§ **What the task requires**
Return the listing exactly. Keep no pictures.

§ **Data segment**
#####
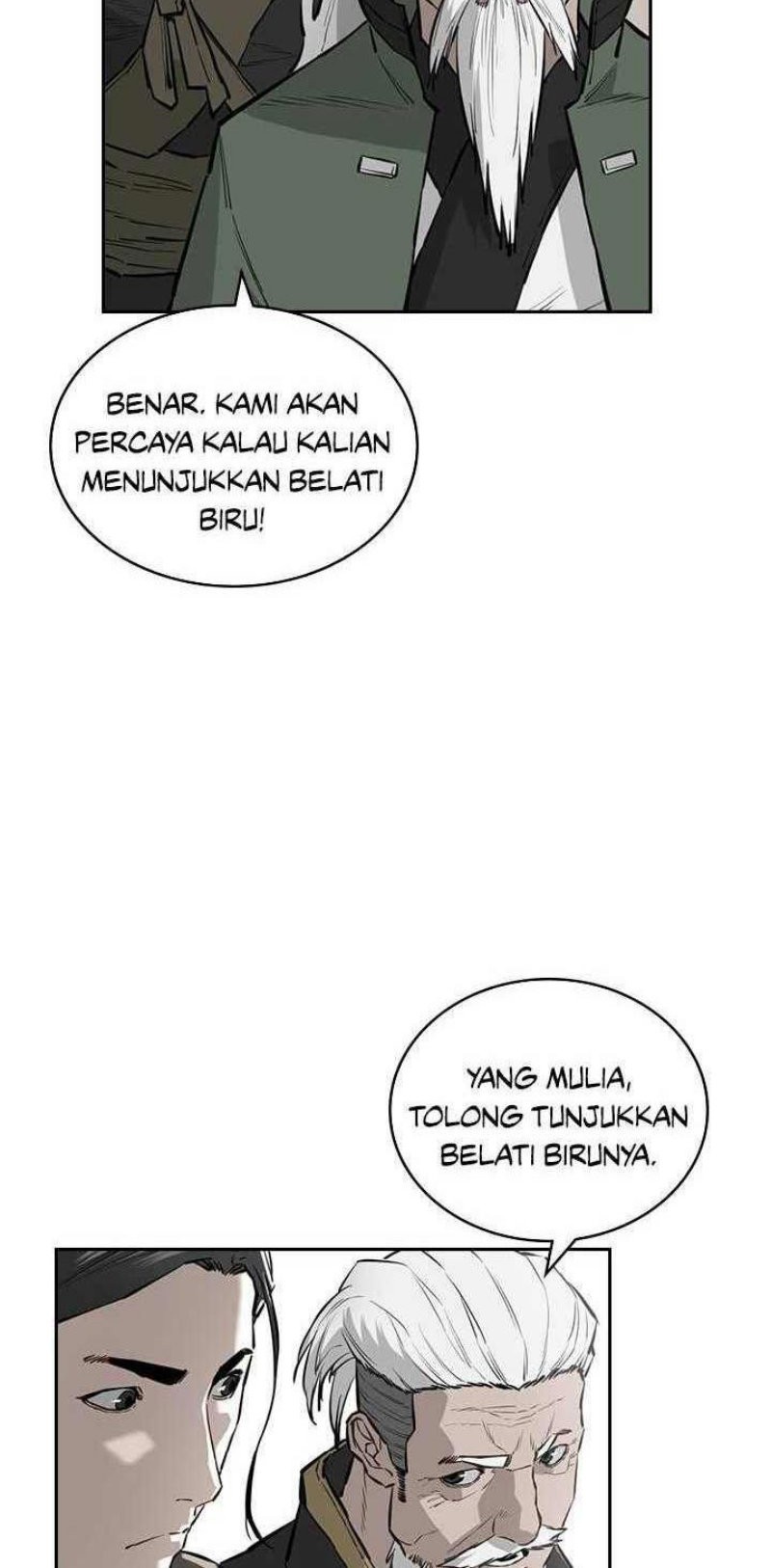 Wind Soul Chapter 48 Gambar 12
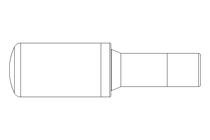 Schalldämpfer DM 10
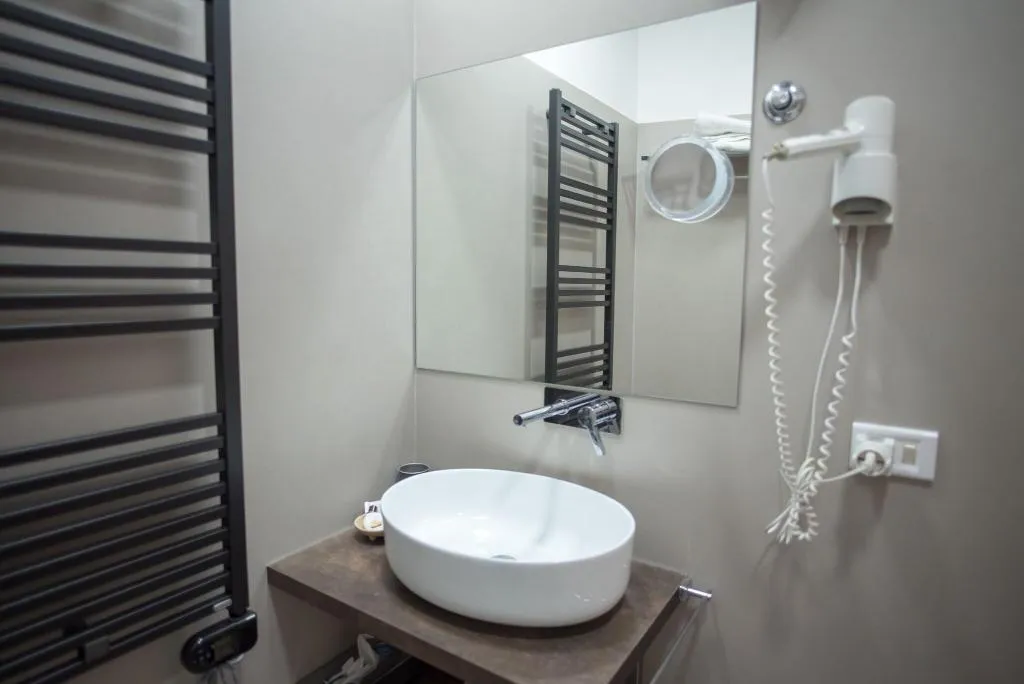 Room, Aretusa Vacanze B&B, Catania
#####
§ **Answer space**
 Wind Soul Chapter 48 Gambar 12
 Schalldämpfer DM 10
 Room, Aretusa Vacanze B&B, Catania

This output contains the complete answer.